By Thomas Hiatt
EDITOR’S NOTE: Morris Floral has been a source of controversy lately, primarily focused around the building’s structural integrity. This article will not be addressing this issue.
Stepping into Morris Floral is akin to a funhouse of doors and hallways adorned with signs and arrows to keep the customer from getting lost. Entering the rear office space, which now serves as the “front”, one is met with a cacophony of parrot sirens mixed with the meowing and purring of languishing cats from the adjacent nursery. “I’ve had some of these birds for 30 years,” says owner Chris Melberg. “It started when I was little with a birdhouse full of pigeons, two tamed crows, a tamed screech owl and some parakeets.”
The original Atlantic Avenue entrance is presently sealed. The vestibule serves as a storage space of sorts with flower acuteriments such as wire butterflies, porcelain frogs, ceramic pots and other bric a brac.

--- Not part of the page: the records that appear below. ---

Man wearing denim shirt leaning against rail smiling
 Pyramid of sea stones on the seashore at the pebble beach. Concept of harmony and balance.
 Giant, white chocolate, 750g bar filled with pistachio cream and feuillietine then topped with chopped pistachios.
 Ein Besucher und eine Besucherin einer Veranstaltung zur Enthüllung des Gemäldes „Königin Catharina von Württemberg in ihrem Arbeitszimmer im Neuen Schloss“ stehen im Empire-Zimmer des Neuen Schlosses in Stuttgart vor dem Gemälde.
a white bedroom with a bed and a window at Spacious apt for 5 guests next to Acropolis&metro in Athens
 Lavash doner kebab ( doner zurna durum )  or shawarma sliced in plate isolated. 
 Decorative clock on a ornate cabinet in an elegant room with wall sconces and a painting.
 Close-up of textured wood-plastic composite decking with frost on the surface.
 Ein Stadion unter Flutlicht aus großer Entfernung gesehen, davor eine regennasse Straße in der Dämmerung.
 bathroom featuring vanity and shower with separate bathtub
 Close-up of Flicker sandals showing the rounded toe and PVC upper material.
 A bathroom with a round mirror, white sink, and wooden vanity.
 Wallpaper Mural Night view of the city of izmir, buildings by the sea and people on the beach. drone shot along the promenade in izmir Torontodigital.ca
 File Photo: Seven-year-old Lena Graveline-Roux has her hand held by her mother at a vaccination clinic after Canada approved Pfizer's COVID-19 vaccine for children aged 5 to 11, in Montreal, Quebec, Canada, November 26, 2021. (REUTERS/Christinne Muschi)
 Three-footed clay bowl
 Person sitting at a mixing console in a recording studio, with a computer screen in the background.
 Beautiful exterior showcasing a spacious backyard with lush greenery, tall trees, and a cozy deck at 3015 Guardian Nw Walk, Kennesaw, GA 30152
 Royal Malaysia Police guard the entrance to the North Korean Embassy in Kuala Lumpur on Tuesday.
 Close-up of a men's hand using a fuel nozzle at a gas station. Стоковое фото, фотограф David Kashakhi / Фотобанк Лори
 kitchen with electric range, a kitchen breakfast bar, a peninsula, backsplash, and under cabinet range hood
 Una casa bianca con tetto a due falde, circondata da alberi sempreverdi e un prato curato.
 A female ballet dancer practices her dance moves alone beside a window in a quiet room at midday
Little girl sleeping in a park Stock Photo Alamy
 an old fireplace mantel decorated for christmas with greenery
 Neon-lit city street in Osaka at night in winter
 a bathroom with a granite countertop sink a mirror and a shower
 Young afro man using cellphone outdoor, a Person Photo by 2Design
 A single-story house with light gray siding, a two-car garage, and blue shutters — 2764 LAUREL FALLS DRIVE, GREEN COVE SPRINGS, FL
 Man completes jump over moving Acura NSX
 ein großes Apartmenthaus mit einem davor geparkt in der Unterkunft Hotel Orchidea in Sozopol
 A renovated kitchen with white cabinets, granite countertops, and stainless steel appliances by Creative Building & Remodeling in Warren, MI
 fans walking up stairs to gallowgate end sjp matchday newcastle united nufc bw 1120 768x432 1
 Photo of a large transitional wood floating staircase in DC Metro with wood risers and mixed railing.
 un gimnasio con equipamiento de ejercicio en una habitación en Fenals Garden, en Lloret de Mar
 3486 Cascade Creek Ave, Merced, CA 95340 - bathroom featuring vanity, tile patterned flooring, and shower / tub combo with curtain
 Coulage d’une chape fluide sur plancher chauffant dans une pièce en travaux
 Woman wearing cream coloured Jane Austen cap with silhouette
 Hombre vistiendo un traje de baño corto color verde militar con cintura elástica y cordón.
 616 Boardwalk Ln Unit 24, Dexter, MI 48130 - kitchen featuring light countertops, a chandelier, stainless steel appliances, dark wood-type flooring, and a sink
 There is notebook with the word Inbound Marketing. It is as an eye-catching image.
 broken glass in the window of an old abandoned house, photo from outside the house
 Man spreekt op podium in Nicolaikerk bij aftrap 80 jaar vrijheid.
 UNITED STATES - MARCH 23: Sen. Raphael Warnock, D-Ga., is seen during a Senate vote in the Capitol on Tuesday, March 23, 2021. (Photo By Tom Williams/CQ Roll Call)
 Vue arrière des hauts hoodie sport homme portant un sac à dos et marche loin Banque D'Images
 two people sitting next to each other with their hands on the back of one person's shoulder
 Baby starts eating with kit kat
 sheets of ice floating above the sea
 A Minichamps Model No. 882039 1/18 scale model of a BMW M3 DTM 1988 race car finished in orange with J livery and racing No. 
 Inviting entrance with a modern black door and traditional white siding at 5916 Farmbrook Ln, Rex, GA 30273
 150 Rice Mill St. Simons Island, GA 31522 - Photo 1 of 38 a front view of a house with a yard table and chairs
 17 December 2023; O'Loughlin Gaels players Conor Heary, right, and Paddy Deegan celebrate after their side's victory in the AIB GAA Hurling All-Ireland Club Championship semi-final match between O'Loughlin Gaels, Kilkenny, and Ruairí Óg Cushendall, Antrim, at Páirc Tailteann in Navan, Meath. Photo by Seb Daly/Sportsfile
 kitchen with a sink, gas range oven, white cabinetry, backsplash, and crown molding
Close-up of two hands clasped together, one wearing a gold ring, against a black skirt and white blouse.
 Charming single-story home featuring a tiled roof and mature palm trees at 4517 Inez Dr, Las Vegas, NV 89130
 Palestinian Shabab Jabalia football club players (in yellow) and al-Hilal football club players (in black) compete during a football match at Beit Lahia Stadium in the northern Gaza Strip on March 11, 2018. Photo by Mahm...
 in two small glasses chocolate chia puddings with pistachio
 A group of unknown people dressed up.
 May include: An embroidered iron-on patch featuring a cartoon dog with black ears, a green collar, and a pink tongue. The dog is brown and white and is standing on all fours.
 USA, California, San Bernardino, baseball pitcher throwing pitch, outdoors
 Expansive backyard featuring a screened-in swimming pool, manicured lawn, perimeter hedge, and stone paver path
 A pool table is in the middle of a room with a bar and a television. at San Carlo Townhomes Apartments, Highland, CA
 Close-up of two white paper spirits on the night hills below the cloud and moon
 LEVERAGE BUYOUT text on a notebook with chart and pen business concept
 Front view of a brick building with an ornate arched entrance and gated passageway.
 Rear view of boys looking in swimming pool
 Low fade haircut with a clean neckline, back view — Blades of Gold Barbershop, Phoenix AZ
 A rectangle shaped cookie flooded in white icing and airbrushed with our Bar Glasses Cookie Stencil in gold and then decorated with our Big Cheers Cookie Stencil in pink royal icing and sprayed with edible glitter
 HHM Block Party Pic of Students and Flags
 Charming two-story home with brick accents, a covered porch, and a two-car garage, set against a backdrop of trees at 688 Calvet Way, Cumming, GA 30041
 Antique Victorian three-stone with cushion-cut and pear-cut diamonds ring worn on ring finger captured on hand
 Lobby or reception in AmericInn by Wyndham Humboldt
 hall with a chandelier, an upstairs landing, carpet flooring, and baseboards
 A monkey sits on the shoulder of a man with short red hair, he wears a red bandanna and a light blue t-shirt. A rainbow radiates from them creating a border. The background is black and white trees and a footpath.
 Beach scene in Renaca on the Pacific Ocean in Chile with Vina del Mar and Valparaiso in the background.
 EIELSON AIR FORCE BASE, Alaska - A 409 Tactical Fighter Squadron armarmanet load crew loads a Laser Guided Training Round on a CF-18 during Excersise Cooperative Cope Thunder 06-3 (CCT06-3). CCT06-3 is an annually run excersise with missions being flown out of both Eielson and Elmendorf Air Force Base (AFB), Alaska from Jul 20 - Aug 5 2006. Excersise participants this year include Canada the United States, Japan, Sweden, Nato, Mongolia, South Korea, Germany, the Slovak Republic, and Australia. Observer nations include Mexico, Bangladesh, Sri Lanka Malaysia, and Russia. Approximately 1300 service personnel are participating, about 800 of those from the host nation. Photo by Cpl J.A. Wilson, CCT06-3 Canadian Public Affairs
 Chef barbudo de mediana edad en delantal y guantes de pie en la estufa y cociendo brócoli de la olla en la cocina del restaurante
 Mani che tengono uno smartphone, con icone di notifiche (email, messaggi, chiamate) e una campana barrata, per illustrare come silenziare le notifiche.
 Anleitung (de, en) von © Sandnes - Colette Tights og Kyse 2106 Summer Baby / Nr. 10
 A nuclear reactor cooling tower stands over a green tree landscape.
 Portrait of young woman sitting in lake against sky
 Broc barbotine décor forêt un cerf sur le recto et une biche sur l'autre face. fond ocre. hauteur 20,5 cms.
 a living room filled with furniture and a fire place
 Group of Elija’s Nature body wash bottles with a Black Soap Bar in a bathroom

Behind the building are the walled outlines and tattered roofs of what used to be greenhouses. “They collapsed one year when we had an especially heavy snowfall,” he said. “It just kept snowing and snowing. I think that one day we got 20 inches. You couldn’t even see the top of them. The beams just could not support all that weight. Consequently, I decided that I wouldn’t be raising vegetables because, in addition to the rebuilding costs, there was also competition from other stores where the prices were more reasonable. It just wouldn’t have been profitable to continue.” Being a consummate multitasker, he spoke while simultaneously texting a customer and taking inventory of his plants.
His calloused hands are instruments of delicacy and grace, creating decorative touches to both his floral arrangements and the business itself. His face has the creases of experience but his eyes remain clear and sharp from years of attention to detail.
When Mr. Melberg and his parents first purchased the business back in 1978, the interior clashed with his aesthetic sense. “At that time, there was a lot of open space in the back,” he recounted. “My dad and I put up several racks there because we wanted to know where things were instead of this clutter of box after box, not to mention the decorative ribbons being piled so high on the floor that I couldn’t handle it. After they were put up and it looked so nice, Darlene McDonnell – who had been working here when we took over – came in and said ‘oh my word! Where did the elves come from?’
“One year, I decorated every window with a little Christmas thing. One had Santa’s little bag of packages, another had a snowman. I used to decorate the tree with the jewelry, necklaces and brooches I collected. With all my personal touches, I guess I would kind of go to excess. Since it takes about a week to finish, I haven’t done it in a while.”
He has been praised for his floral arrangements at funerals, church services, in area homes, and for both the Miss Morris and Miss Minnesota competitions. “I’ve had lots of practice from when I decked out the school for the proms back when I taught in North Dakota,” he explained. “We’d make all our own decorations for that big gala. We even made chandeliers out of beer tabs. The kids would come in with ice cream buckets full of them from their local businesses and we’d work in the evening putting them together. With Christmas lights inside, they looked quite impressive. It was really fun because you got to know the kids on a different level than just in the classroom.”
He takes great pleasure in giving advice. “Sometimes people will visit just to discuss what to do with their plants. For example, if you have a spider or jade plant that gets left out on the porch during a cold snap, you could possibly give the spider a close haircut. It should come back because the center, the growth tips, would be projected down into the soil where it could still be warm. The jade might not be toast, either, if its base parts aren’t all soft and spongy. As long as you clean up all the debris, so it doesn’t rot, you should be able to save it.”
He also possesses a compassionate soul. “When the AIDS quilt – with each square devoted to a person we lost in the area – came to the U of M Morris, I brought a couple hundred carnations there and told them ‘Here, let the people buy these and lay them by the squares of loved ones.’
“And don’t even get me started with my love of our feathered friends and the felines I keep around the store or the elaborate costumes – like my witch and gnome – that I create for Halloween. I always enjoy just helping folks out. Even if they don’t end up buying anything, it’s still a worthwhile investment in the community. It’s not always about just business.”